Saved entries:
====

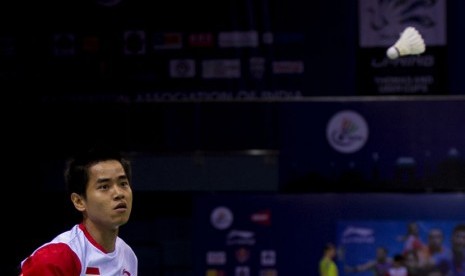  Pebulutangkis tunggal putra Indonesia, Simon Santoso, saat melawan pebulutangkis Singapura, Kwan Ting Sean Lee, dalam penyisihan Grup A Piala Thomas 2014 di New Delhi, India, Senin (19/5). 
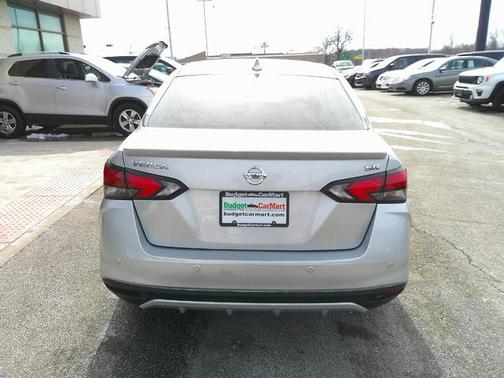 2021 Nissan Versa 1.6 SR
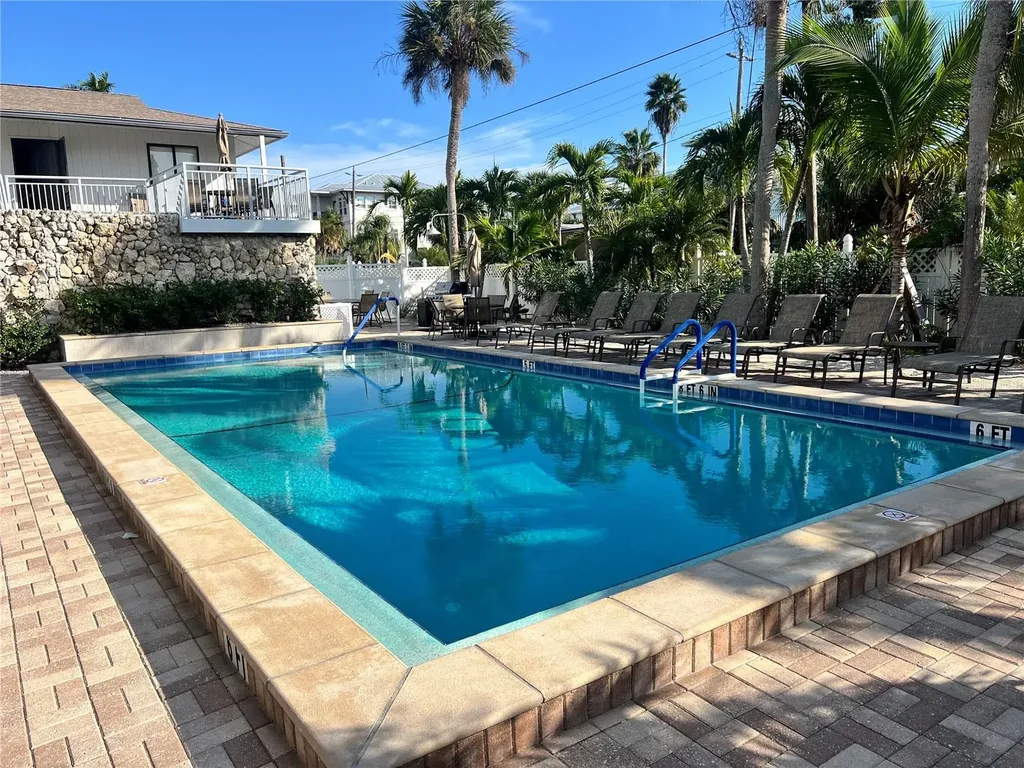 1001 Point Of Rocks Road Sarasota FL 34242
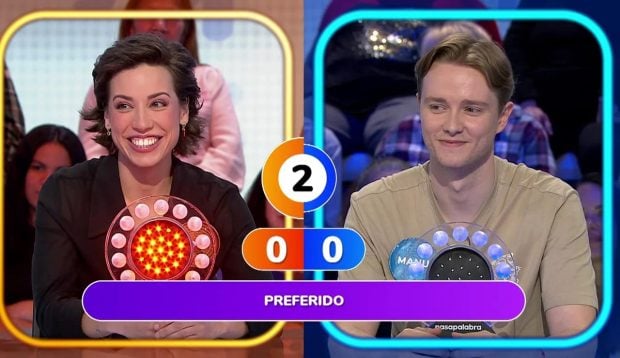 Rosa Rodríguez y Manu en 'Pasapalabra'. (Atresmedia)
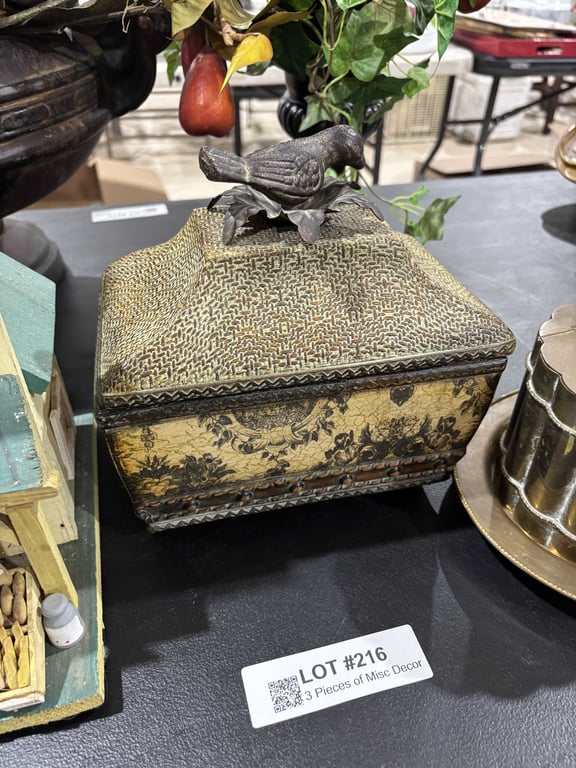 3 Pieces of Misc Decor - Image 3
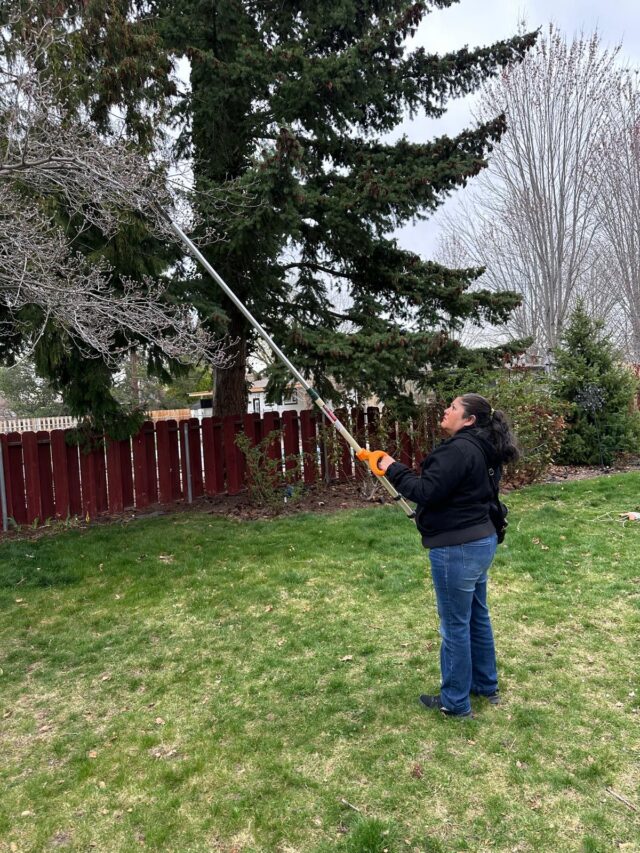 Flor testing her tool
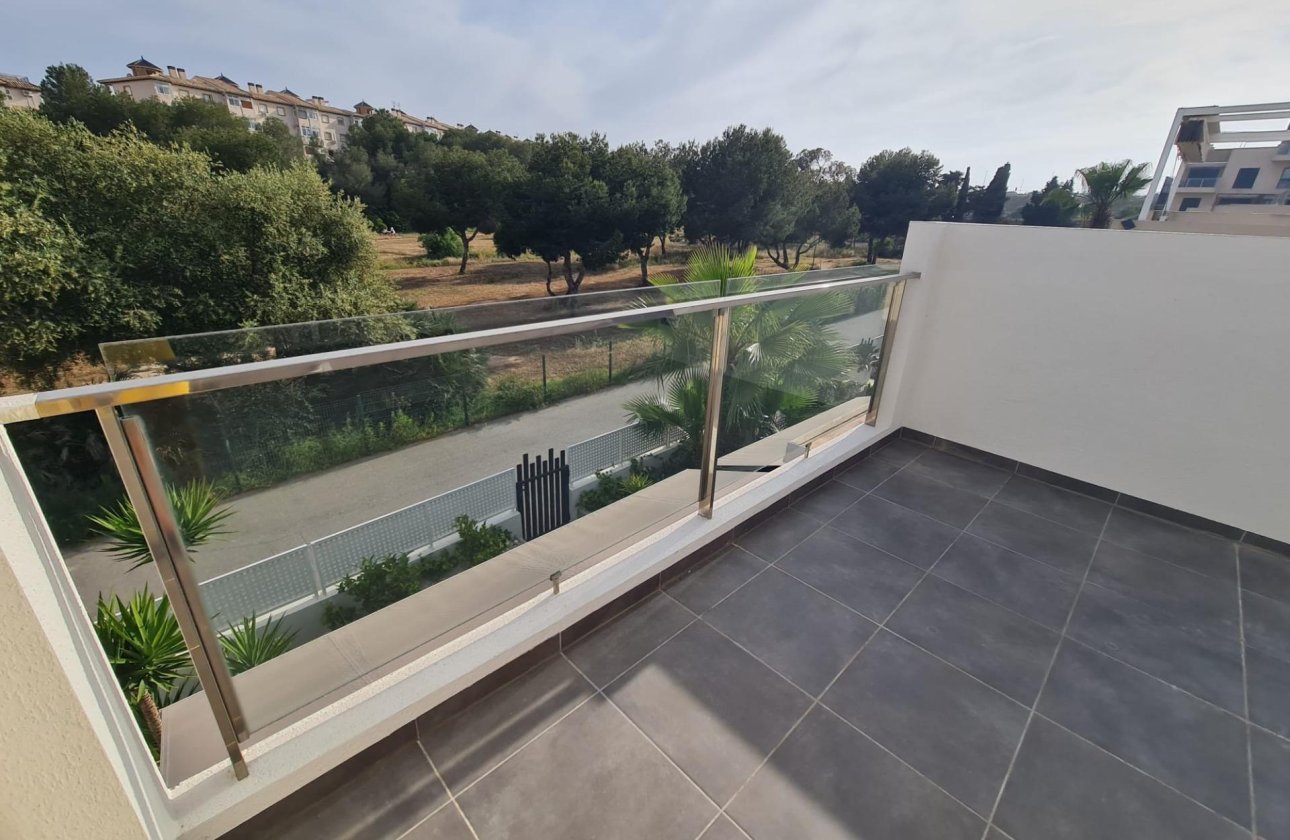 Resale - Villa -
Orihuela Costa - La Regia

====

The records above are to be reproduced exactly; the pictures are to be left out.

*Answer to the exercise*:
  Pebulutangkis tunggal putra Indonesia, Simon Santoso, saat melawan pebulutangkis Singapura, Kwan Ting Sean Lee, dalam penyisihan Grup A Piala Thomas 2014 di New Delhi, India, Senin (19/5). 
 2021 Nissan Versa 1.6 SR
 1001 Point Of Rocks Road Sarasota FL 34242
 Rosa Rodríguez y Manu en 'Pasapalabra'. (Atresmedia)
 3 Pieces of Misc Decor - Image 3
 Flor testing her tool
 Resale - Villa -
Orihuela Costa - La Regia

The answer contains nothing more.